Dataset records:
BEGIN

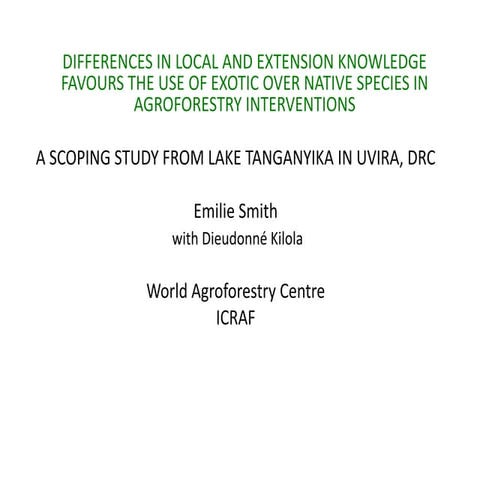 DIFFERENCES IN LOCAL AND EXTENSION KNOWLEDGE FAVOURS THE USE OF EXOTIC OVER N...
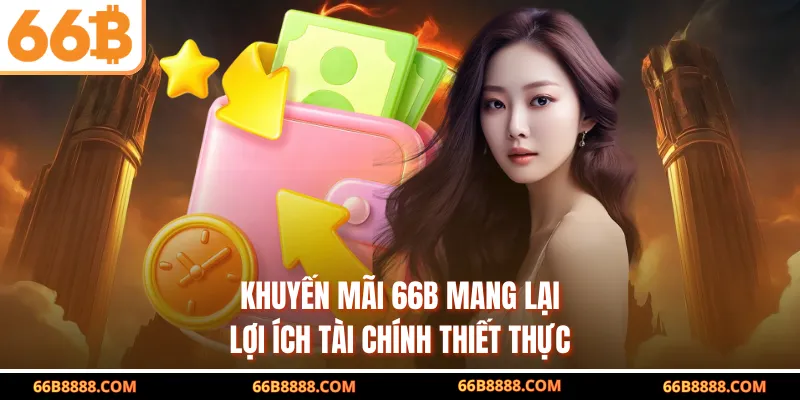 Khuyến mãi 66B mang lại lợi ích tài chính thiết thực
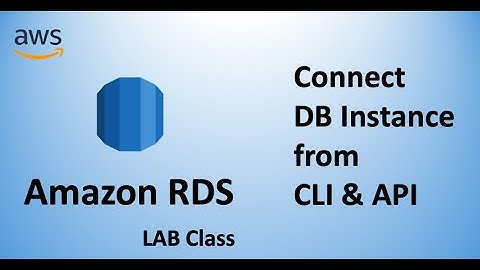 AWS Tutorial | Amazon RDS LAB | Connect RDS DB instance from CLI and API |  Session - 2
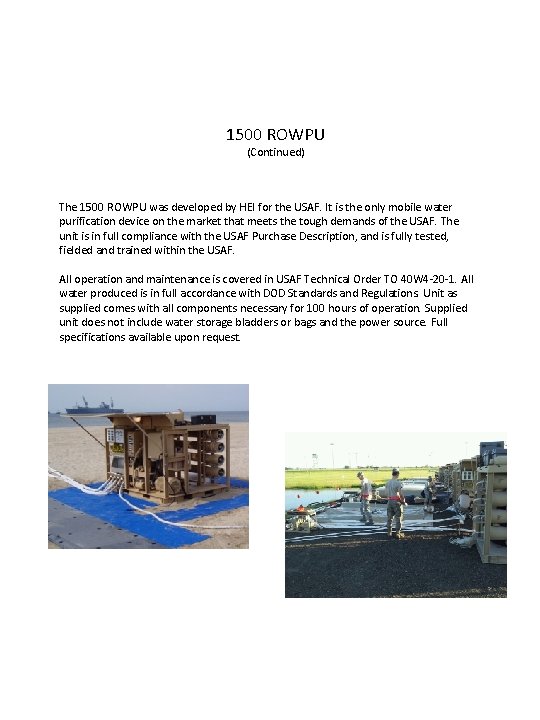 1500 ROWPU (Continued) The 1500 ROWPU was developed by HEI for the USAF. It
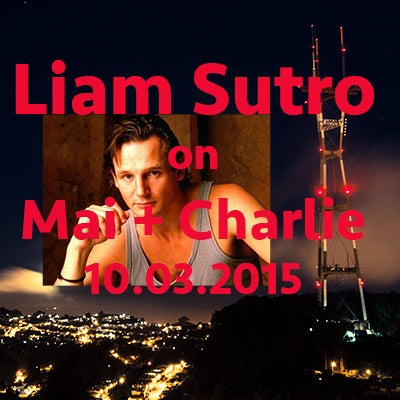 October 3, 2015: Liam Sutro on 'Mai + Charlie'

END

> **What is required**
Please print all the lines above exactly as given and leave out every picture.

> **Response to the task**
 DIFFERENCES IN LOCAL AND EXTENSION KNOWLEDGE FAVOURS THE USE OF EXOTIC OVER N...
 Khuyến mãi 66B mang lại lợi ích tài chính thiết thực
 AWS Tutorial | Amazon RDS LAB | Connect RDS DB instance from CLI and API |  Session - 2
 1500 ROWPU (Continued) The 1500 ROWPU was developed by HEI for the USAF. It
 October 3, 2015: Liam Sutro on 'Mai + Charlie'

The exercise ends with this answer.